■ Exercise prompt
Look through the data below. Pick out the lines holding the string "Blue".

● ● ● ●

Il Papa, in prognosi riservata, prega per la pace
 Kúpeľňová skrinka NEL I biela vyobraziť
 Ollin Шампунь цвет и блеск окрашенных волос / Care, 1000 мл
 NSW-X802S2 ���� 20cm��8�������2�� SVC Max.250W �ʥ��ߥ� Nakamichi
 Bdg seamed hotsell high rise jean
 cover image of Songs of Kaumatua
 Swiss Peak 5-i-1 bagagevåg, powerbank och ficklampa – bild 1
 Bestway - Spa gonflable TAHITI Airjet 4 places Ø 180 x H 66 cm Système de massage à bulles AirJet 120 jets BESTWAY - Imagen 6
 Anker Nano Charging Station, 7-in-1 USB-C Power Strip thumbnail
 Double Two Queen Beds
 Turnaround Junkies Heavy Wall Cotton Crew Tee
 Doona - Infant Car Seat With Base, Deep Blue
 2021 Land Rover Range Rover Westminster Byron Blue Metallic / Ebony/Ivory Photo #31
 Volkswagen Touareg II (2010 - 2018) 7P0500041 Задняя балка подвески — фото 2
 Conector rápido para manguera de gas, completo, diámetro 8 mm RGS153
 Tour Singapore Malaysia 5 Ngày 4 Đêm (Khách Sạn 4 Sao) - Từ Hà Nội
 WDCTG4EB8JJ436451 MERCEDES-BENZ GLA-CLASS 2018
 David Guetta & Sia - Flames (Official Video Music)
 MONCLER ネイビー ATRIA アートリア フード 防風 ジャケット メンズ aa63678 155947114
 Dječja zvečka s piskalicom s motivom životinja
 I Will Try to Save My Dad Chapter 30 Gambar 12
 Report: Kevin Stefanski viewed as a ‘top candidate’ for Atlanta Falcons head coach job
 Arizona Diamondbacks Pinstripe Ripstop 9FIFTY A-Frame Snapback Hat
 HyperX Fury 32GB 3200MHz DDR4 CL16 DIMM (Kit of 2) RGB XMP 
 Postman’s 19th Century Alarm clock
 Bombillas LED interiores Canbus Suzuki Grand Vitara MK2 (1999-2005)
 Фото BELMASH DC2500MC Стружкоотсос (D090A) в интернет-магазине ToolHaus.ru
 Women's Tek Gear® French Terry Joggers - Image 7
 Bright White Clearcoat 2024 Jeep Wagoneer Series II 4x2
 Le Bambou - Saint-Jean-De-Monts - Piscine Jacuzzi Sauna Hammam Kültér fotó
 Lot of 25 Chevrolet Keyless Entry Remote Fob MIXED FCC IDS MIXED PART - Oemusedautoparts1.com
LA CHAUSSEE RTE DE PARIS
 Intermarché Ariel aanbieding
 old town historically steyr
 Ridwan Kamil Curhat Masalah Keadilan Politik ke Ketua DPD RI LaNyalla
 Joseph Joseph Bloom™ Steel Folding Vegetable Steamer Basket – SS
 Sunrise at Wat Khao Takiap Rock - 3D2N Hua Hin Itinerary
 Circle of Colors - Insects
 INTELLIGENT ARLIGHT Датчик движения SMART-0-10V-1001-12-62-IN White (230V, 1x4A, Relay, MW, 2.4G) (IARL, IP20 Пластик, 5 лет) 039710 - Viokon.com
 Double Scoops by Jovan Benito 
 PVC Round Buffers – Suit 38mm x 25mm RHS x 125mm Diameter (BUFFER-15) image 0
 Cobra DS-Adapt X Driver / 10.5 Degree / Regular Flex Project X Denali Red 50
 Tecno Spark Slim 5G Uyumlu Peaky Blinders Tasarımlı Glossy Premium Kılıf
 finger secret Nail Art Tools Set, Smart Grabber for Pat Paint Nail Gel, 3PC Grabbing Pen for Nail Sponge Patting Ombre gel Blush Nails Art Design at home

● ● ● ●

■ Answer area
 Doona - Infant Car Seat With Base, Deep Blue
 2021 Land Rover Range Rover Westminster Byron Blue Metallic / Ebony/Ivory Photo #31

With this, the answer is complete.